The deal had echoes of the sale of Internos Global Investors at the end of last year, to PGI, the asset management arm of Principal Financial Group. Under the terms of the deal with Principal, Internos became part of its real estate investment division and provide a pan-European real estate platform. Principal’s real estate investment boutique is one of the top 10 real estate managers globally with USD74.9bn asset under management. Internos had USD3.25bn assets under management.
The rise of the institutional investors has become a feature of the hotel sector in recent years. This year’s Hotel Investment Outlook from JLL commented that institutional investors had been increasingly active in acquiring hotel properties, more than doubling market share since 2014. This, it said, reflected a growing trend of hotels being purchased by investors with portfolios involving multiple asset classes, as opposed to specialist hotel investors.
Fellow broker Savills agreed with the assessment, forecasting that institutions looking for strong covenants and fixed income assets would drive deals in 2018. The company said that the lack of supply of fixed income assets would lead institutional investors to look into opportunities outside the core hotel market in 2018, with interest in leased serviced apartments and branded hostel growing.
HA Perspective [by Katherine Doggrell]: The interest of the institutions began with single assets and now, with the consumption of Algonquin (with rumours of the price on such a spread as to suggest that NDAs really do mean something, no matter what happens to Donald Trump’s) the trend is becoming more of a permanent reality.
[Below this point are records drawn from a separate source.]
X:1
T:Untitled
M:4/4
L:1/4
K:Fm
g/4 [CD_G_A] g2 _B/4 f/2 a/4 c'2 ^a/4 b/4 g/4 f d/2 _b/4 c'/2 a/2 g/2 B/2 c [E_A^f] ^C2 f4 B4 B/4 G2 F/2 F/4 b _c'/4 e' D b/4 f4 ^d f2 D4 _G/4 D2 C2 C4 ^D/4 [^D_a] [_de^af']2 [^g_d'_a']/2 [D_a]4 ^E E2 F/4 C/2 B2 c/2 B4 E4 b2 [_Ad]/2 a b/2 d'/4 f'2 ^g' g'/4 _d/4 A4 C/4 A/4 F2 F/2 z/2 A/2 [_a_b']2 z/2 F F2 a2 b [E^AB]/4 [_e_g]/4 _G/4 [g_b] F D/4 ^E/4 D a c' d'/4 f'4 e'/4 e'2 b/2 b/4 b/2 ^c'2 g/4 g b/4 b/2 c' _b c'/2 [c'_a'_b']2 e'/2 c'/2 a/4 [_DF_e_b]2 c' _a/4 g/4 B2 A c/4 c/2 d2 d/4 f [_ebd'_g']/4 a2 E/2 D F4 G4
From a hotel in Berlin to a pan-European platform, the institutions are here to stay.
And, as Chomette said, the arrival of one will beget more. For the hotel sector, the institutions have been a good thing thus far, bringing money which has had no appetite to interfere and, in some cases, been unable to even if it wanted to, in many jurisdictions. They have driven a revival in leases and slotted into the bricks, brain, brawns split effortlessly.
But what influence will they wield? We understand that the bidding for Algonquin was competitive, there is eager cash out there to gain a slice of the sector, cash which is largely agnostic as to structure and brand. The shift from private equity’s short-term interest of the past few years to a longer play is good news for those brands which can make their case. For now the institutions are learning, but as with most investors, they are liable to want to make their mark. Change is likely to follow for the sector and, with the chunks of cash at their disposal, its influence, when it comes, is likely to be broadly felt.
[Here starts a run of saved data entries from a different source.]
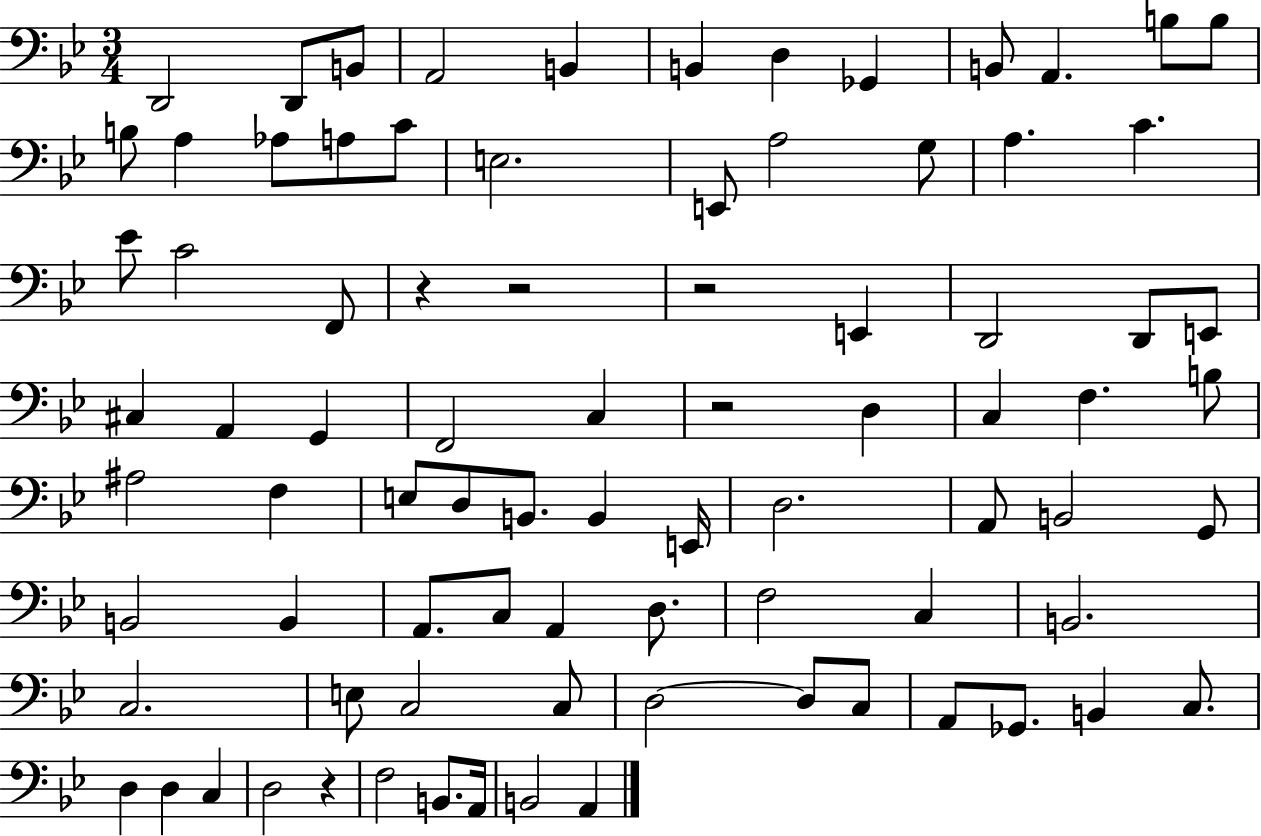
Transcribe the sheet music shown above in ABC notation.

X:1
T:Untitled
M:3/4
L:1/4
K:Bb
D,,2 D,,/2 B,,/2 A,,2 B,, B,, D, _G,, B,,/2 A,, B,/2 B,/2 B,/2 A, _A,/2 A,/2 C/2 E,2 E,,/2 A,2 G,/2 A, C _E/2 C2 F,,/2 z z2 z2 E,, D,,2 D,,/2 E,,/2 ^C, A,, G,, F,,2 C, z2 D, C, F, B,/2 ^A,2 F, E,/2 D,/2 B,,/2 B,, E,,/4 D,2 A,,/2 B,,2 G,,/2 B,,2 B,, A,,/2 C,/2 A,, D,/2 F,2 C, B,,2 C,2 E,/2 C,2 C,/2 D,2 D,/2 C,/2 A,,/2 _G,,/2 B,, C,/2 D, D, C, D,2 z F,2 B,,/2 A,,/4 B,,2 A,,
Additional comment [by Andrew Sangster]: Schroders has been quietly eyeing up the hotel sector for a number of years. Towards the end of 2015 it created the role of investment manager focused on retail and leisure.
While the bulk of the cash was put into large shopping centre schemes, money also found its way into leased hotels such as the Premier Inn at the redeveloped Arndale House office block in Leeds which opened this year.
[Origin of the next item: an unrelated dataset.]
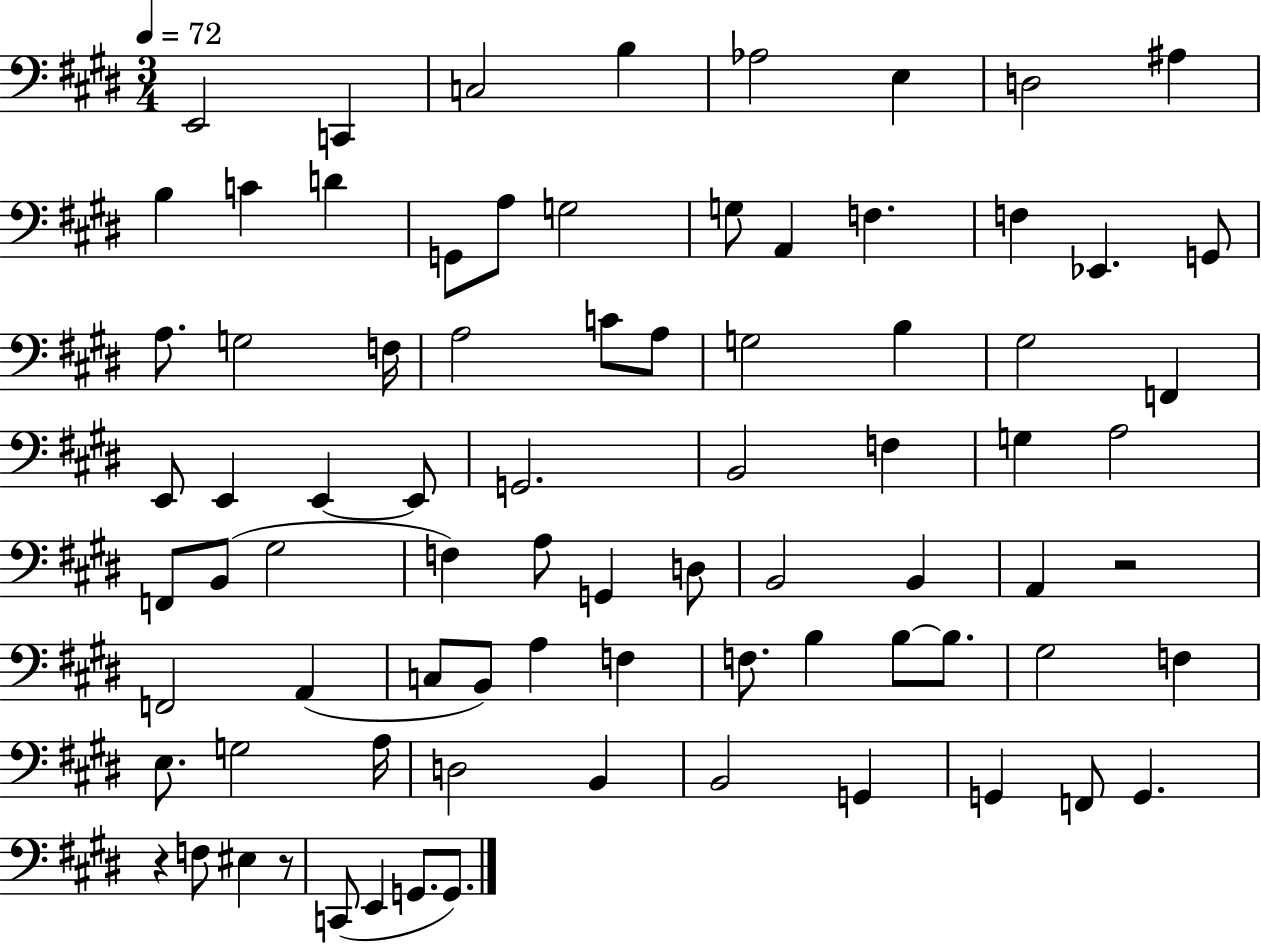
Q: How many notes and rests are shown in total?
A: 80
But the Algonquin deal ramps up Assets Under Management that are hotels considerably. As at the end of last year, AUM in real estate was GBP13bn but with Algonquin, hotels will now account for more than 12% of the total.
It is also signals a sea-change in the attitude of institutional investors: they are prepared to take on operating risk and no longer insist on fixed leases.
The push by institutional investors into so-called alternatives, which range from student housing to data centres, is hugely benefitting the hotel sector right now. It is putting pressure on yields and raising asset prices.
Arguably, hotels are now too mainstream to be described as alternative: hotels comfortably sit alongside the established commercial real estate segments of office, industrial and retail. With hotel property yields now comparable to those in retail, it is not unreasonable to ask how much further there is to run. Hotels might just start getting as boring as offices. And from an investment perspective, that is no bad thing.